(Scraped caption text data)
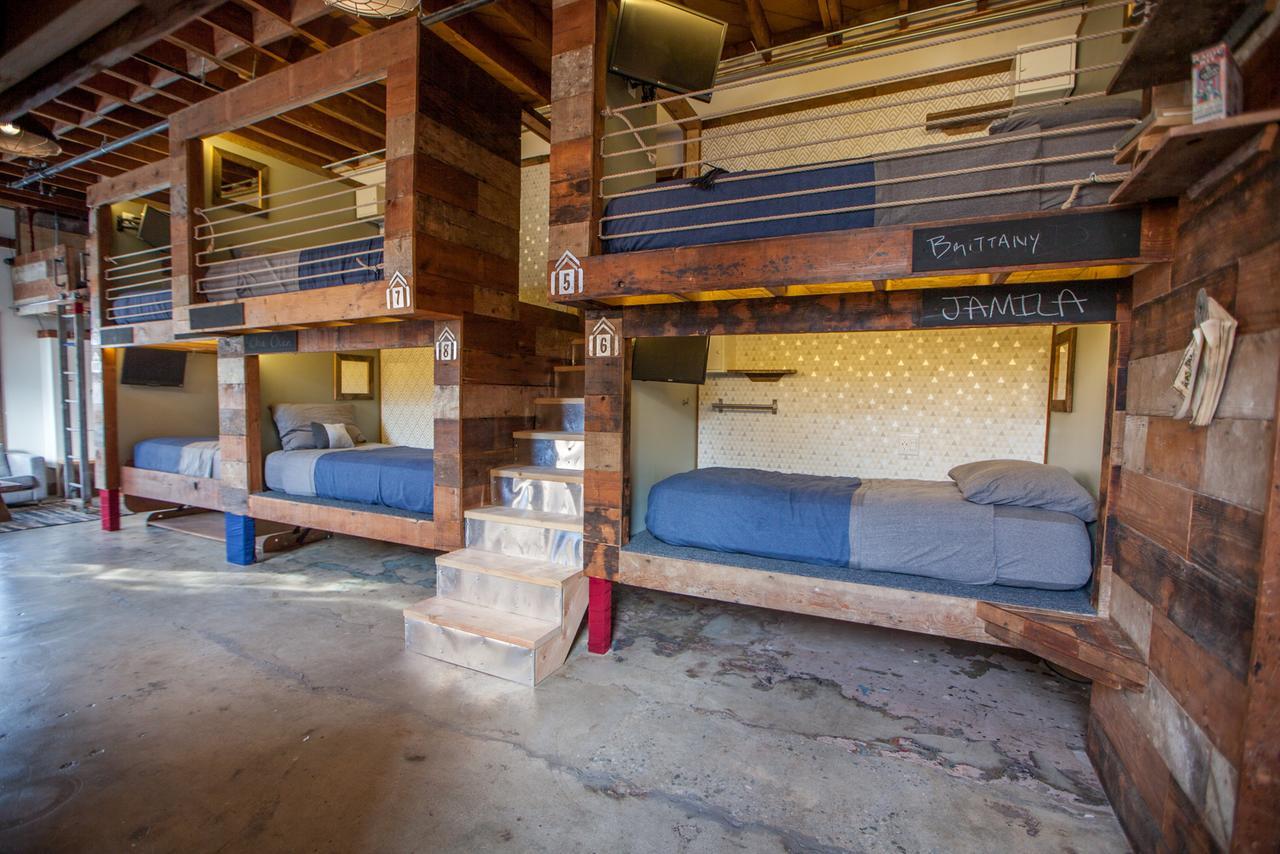 Single Bed Mixed Dormitory Room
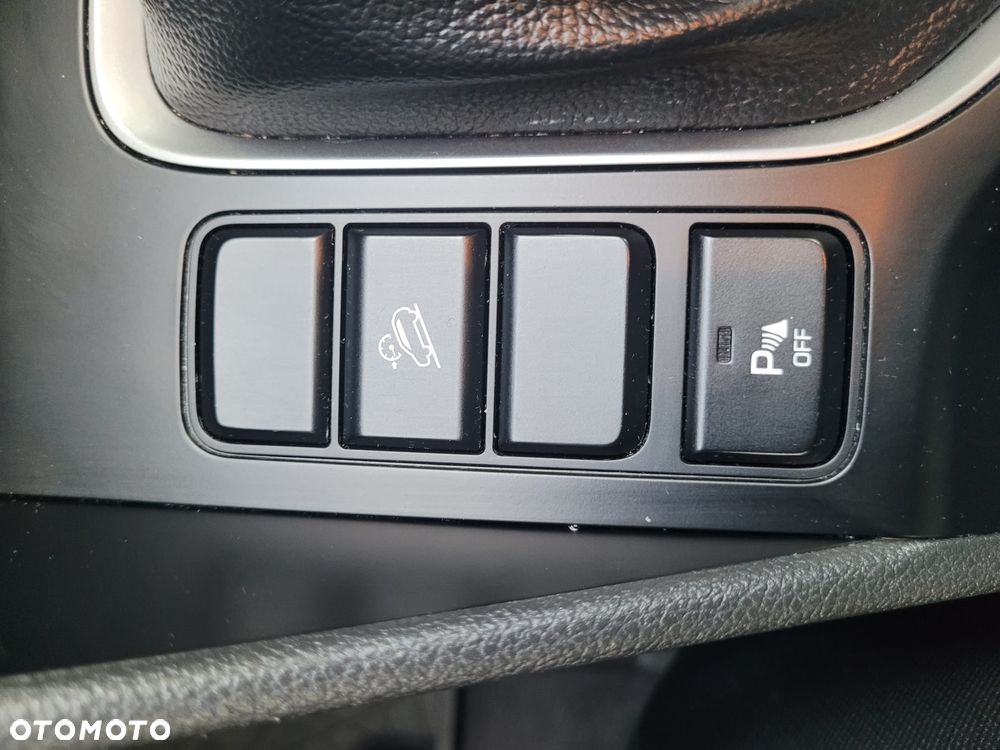 Hyundai Tucson 1.6 Turbo 2WD Navi - 24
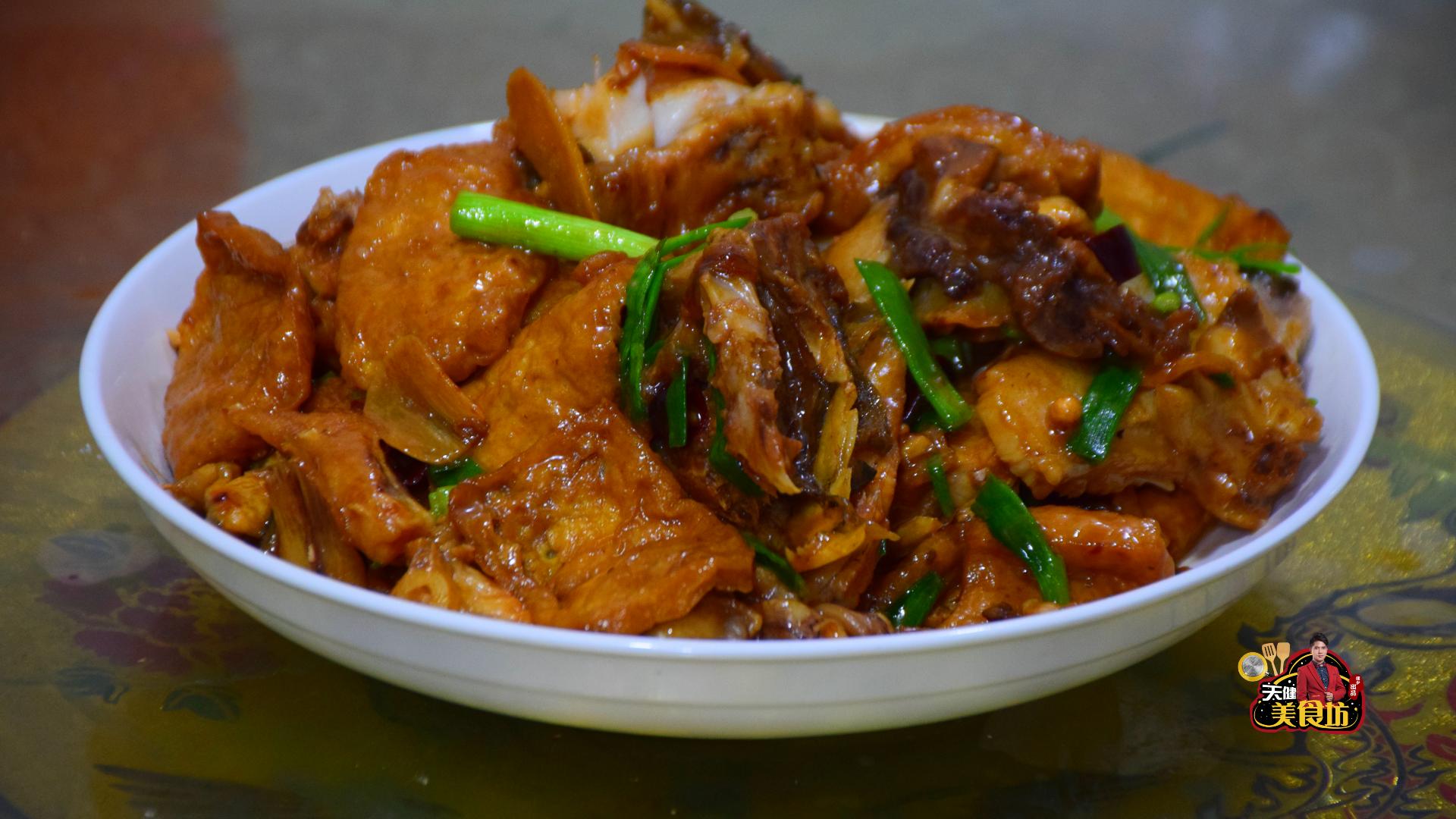 鱼头不要辣怎么做好吃,鱼头别再炖了教你这样做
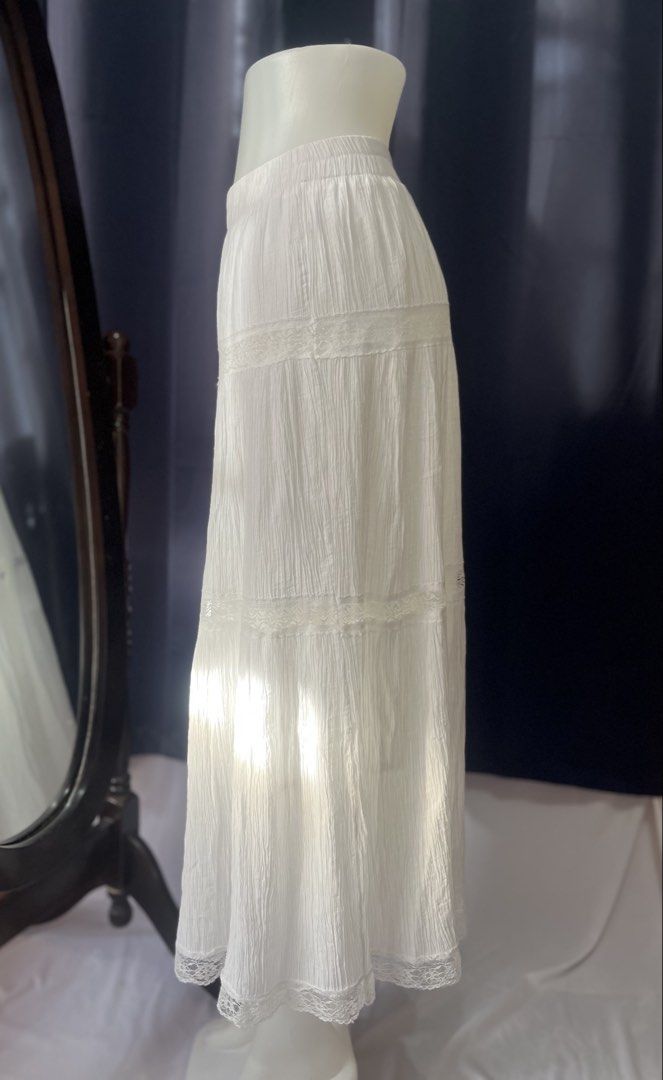 Thailand 100% cotton skirt (Category: Skirts) located in Baguio. Submitted by grrrrwmm__2day (Listing ID 1470081389, Image 3). Description: .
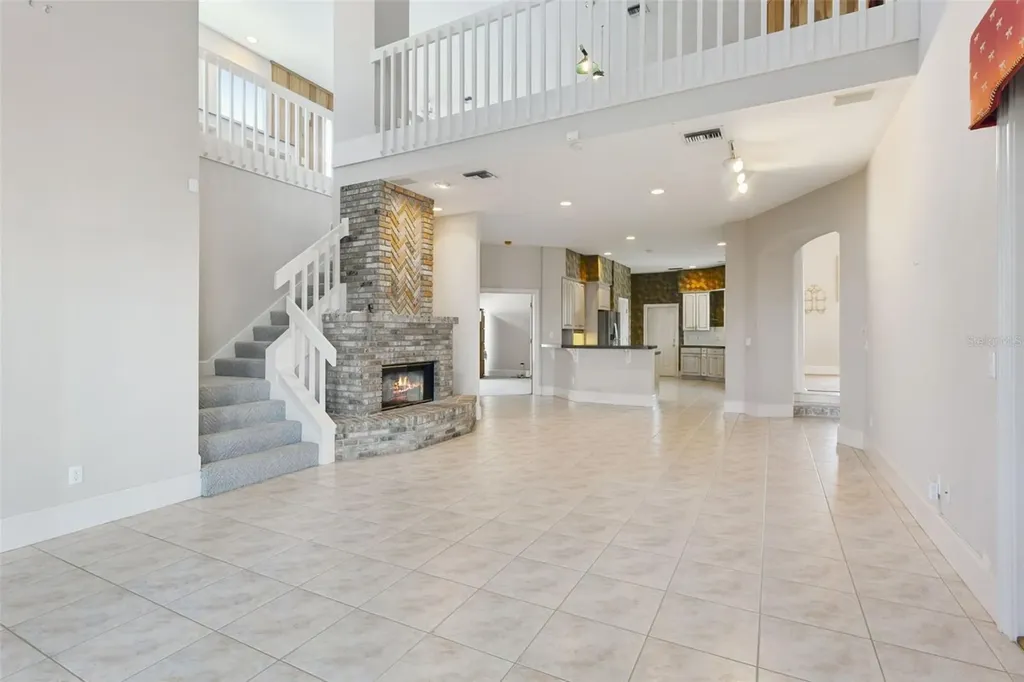 1901 Edgewater Drive Mount Dora FL 32757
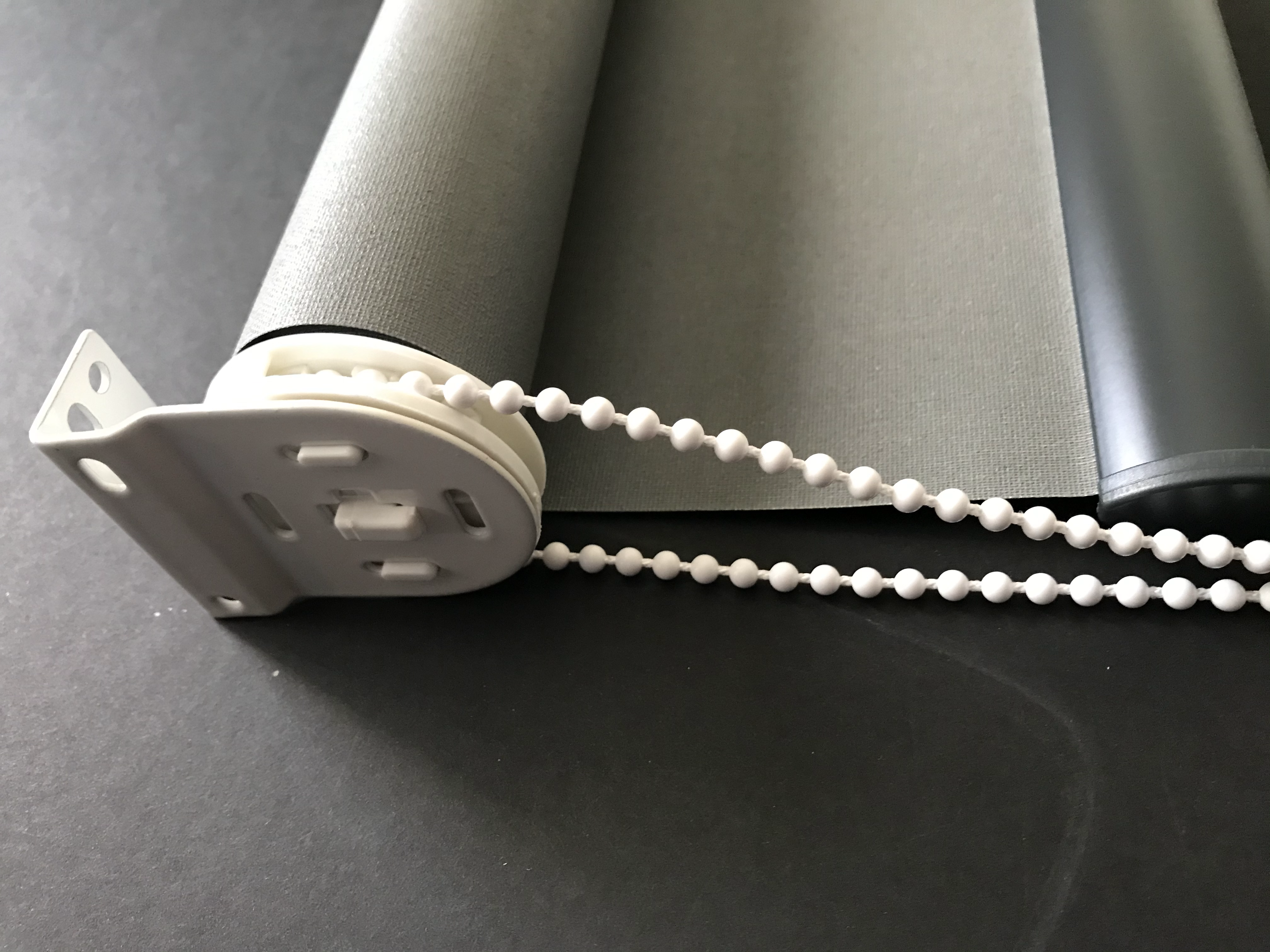 ROLLER BLIND STRONG WHITE PLASTIC BEADED PULL CORD CONTROL CHAIN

● WHAT THE EXERCISE ASKS:
All of the records above must be copied exactly, except for the pictures.

● ANSWER AREA:
 Single Bed Mixed Dormitory Room
 Hyundai Tucson 1.6 Turbo 2WD Navi - 24
 鱼头不要辣怎么做好吃,鱼头别再炖了教你这样做
 Thailand 100% cotton skirt (Category: Skirts) located in Baguio. Submitted by grrrrwmm__2day (Listing ID 1470081389, Image 3). Description: .
 1901 Edgewater Drive Mount Dora FL 32757
 ROLLER BLIND STRONG WHITE PLASTIC BEADED PULL CORD CONTROL CHAIN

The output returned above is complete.